INSTRUCTIONS FOR THE TASK:
Filter the entries for the string "Retriever". Copy each line that has it.

(Data excerpts)
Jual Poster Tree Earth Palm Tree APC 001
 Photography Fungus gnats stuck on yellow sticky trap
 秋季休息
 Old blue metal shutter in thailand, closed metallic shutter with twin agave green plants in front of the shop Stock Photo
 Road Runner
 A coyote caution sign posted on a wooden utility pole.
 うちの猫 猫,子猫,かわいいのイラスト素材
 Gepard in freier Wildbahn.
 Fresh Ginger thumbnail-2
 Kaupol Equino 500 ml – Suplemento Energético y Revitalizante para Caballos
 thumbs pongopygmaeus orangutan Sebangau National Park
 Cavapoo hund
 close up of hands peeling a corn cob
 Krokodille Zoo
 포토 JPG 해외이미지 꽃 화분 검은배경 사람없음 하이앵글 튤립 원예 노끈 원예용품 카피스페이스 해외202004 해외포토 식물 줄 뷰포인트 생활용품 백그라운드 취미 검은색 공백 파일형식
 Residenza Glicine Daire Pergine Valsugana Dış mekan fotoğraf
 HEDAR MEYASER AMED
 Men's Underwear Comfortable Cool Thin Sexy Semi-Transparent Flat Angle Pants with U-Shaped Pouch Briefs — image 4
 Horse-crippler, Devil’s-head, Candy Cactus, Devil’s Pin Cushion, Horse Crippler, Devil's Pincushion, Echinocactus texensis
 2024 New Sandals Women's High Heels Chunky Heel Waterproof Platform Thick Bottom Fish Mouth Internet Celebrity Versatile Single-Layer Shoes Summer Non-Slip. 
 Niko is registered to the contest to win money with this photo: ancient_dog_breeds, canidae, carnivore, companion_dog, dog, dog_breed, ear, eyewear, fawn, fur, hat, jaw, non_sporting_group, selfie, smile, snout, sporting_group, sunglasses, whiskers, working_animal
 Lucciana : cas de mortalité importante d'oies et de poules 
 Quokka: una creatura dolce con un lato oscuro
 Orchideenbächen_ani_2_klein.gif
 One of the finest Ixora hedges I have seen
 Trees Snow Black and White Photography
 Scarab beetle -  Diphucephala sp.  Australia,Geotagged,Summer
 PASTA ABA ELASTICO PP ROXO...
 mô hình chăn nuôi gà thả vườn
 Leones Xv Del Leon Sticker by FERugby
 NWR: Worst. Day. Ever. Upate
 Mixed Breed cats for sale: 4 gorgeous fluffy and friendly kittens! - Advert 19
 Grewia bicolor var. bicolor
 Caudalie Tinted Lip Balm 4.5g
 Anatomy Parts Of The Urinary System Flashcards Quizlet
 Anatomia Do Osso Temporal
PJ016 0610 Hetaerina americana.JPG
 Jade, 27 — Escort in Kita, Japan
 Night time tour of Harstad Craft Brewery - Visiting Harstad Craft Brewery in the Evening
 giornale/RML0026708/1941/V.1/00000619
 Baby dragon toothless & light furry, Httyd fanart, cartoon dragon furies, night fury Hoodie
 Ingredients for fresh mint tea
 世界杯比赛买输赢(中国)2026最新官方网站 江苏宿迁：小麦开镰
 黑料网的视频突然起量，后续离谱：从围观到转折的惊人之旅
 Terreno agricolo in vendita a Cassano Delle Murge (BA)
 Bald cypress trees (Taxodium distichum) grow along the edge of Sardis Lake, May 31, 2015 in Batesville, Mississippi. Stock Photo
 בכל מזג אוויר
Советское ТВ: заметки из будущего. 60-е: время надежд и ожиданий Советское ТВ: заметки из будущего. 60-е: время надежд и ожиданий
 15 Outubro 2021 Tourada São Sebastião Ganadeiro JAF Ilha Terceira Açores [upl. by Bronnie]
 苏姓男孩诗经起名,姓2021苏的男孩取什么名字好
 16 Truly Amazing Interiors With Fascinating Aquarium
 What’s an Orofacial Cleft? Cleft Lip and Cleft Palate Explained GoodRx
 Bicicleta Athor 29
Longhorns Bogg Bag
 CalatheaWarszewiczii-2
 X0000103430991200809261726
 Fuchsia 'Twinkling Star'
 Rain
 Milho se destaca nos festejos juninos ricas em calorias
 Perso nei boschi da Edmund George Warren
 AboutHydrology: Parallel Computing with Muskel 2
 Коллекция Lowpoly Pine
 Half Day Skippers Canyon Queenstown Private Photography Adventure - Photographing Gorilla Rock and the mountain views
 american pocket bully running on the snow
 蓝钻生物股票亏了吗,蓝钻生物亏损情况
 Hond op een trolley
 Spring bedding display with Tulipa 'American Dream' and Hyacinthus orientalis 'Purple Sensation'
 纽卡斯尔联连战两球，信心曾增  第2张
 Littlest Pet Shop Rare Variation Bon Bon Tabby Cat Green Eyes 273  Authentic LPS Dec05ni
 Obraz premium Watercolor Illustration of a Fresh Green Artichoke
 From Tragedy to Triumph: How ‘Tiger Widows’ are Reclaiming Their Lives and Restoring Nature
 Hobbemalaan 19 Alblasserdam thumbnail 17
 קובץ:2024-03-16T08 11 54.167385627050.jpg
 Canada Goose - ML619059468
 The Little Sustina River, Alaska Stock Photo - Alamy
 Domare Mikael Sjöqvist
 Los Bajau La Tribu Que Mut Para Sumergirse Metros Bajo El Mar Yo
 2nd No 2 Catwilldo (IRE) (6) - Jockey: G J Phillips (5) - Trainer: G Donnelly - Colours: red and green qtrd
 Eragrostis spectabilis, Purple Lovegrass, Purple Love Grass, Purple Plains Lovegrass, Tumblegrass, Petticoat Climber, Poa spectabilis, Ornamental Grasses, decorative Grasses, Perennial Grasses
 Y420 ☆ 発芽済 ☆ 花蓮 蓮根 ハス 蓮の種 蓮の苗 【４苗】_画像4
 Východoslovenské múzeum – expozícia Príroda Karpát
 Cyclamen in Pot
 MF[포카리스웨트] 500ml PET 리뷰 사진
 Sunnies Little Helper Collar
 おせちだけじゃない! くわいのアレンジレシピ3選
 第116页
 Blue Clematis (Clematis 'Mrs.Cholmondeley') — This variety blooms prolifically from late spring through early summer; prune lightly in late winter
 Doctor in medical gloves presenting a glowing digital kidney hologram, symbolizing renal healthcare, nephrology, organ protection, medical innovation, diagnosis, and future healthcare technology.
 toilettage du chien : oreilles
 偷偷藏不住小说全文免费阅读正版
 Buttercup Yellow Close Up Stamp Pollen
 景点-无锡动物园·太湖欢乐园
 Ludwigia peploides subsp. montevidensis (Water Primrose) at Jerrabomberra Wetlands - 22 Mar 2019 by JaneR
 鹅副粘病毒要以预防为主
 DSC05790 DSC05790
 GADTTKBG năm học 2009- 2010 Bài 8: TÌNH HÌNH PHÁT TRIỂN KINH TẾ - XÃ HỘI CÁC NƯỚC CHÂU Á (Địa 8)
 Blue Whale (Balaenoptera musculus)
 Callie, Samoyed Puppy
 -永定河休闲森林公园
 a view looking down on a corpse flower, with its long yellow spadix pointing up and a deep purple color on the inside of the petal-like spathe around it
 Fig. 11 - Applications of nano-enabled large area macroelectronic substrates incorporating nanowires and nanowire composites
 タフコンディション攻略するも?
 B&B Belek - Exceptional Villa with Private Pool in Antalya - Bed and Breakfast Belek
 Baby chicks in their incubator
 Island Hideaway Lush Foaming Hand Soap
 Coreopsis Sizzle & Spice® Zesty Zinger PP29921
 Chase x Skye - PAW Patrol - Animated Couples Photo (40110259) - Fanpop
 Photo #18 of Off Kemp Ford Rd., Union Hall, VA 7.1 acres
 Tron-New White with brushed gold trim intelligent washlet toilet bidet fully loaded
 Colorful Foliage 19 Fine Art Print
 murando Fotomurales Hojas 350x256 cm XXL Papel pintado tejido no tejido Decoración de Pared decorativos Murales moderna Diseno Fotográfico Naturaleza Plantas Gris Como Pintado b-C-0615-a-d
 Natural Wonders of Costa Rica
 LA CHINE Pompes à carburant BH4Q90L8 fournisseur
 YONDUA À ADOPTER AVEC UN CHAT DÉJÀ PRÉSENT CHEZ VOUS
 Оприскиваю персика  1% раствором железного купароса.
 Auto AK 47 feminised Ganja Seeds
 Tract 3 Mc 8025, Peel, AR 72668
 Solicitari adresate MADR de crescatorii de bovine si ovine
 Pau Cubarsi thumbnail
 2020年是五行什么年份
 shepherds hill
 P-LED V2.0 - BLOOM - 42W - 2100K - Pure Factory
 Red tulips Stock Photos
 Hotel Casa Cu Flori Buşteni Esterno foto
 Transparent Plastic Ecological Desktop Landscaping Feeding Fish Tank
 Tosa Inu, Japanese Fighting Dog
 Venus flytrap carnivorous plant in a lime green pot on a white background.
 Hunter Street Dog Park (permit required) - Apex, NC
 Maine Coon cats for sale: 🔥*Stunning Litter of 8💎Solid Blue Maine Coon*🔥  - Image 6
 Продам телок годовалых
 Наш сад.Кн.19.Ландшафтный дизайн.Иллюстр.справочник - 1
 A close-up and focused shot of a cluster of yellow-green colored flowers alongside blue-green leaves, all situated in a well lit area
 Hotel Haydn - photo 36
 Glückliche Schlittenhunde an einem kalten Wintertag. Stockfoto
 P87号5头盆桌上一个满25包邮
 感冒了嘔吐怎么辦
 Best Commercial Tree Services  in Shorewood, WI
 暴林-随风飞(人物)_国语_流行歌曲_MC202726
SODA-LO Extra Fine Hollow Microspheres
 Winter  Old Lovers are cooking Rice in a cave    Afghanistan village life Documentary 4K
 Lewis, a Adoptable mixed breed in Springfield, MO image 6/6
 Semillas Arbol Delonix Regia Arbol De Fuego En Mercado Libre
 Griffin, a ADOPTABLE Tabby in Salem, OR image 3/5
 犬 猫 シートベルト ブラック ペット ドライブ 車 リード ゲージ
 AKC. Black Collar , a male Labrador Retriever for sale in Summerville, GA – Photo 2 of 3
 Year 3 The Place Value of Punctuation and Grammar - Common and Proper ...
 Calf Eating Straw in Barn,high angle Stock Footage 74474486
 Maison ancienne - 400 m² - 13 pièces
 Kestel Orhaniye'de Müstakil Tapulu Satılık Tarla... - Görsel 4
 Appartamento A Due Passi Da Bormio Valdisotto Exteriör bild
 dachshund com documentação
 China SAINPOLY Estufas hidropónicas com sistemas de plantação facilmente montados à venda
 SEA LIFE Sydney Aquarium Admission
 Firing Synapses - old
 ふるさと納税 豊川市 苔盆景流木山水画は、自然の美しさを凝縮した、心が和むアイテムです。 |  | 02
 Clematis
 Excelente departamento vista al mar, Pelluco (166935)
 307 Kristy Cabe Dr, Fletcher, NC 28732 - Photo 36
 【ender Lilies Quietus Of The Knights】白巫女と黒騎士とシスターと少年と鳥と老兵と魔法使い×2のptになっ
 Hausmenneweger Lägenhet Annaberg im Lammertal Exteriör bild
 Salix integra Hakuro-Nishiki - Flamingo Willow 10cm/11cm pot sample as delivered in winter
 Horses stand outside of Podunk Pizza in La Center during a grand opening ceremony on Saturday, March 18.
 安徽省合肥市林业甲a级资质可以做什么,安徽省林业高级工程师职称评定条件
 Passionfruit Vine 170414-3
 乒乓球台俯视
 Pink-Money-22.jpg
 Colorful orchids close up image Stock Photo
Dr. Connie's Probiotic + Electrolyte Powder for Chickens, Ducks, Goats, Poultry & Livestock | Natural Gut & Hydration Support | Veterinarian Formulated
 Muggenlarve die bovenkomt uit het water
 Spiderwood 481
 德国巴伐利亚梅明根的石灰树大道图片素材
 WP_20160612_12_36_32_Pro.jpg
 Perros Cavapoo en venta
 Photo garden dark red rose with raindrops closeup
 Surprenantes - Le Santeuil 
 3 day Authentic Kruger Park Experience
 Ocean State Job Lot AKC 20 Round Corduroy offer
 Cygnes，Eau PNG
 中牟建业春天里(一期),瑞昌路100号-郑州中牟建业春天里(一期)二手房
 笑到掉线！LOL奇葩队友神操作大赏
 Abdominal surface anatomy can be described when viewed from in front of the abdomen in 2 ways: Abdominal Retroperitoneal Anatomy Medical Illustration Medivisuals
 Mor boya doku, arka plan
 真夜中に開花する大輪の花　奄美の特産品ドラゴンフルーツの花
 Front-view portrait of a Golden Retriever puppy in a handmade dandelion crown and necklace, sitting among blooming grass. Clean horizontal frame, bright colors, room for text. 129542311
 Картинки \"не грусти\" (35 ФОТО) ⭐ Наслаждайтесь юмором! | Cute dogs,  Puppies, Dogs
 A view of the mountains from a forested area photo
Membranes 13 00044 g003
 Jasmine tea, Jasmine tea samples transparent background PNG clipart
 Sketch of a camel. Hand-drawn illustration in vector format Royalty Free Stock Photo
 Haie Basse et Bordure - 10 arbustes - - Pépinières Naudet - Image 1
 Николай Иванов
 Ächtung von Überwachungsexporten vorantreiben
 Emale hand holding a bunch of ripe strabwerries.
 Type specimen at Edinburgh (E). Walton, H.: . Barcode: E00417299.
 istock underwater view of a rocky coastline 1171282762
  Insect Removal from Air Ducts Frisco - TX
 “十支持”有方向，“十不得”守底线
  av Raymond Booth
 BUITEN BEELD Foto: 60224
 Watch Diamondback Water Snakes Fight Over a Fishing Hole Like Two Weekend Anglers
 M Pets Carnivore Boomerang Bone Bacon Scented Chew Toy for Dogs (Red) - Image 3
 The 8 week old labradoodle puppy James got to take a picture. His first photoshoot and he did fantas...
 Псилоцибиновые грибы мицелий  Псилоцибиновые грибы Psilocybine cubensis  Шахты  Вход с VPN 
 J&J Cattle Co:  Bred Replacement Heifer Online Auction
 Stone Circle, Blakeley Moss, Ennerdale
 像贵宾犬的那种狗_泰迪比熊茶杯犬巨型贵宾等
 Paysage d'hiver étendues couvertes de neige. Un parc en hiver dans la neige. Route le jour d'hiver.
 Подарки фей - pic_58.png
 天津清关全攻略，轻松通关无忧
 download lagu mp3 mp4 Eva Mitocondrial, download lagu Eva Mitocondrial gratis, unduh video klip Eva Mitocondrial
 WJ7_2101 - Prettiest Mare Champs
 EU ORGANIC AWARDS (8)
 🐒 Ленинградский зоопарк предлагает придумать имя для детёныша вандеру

SOLUTION:
 AKC. Black Collar , a male Labrador Retriever for sale in Summerville, GA – Photo 2 of 3
 Front-view portrait of a Golden Retriever puppy in a handmade dandelion crown and necklace, sitting among blooming grass. Clean horizontal frame, bright colors, room for text. 129542311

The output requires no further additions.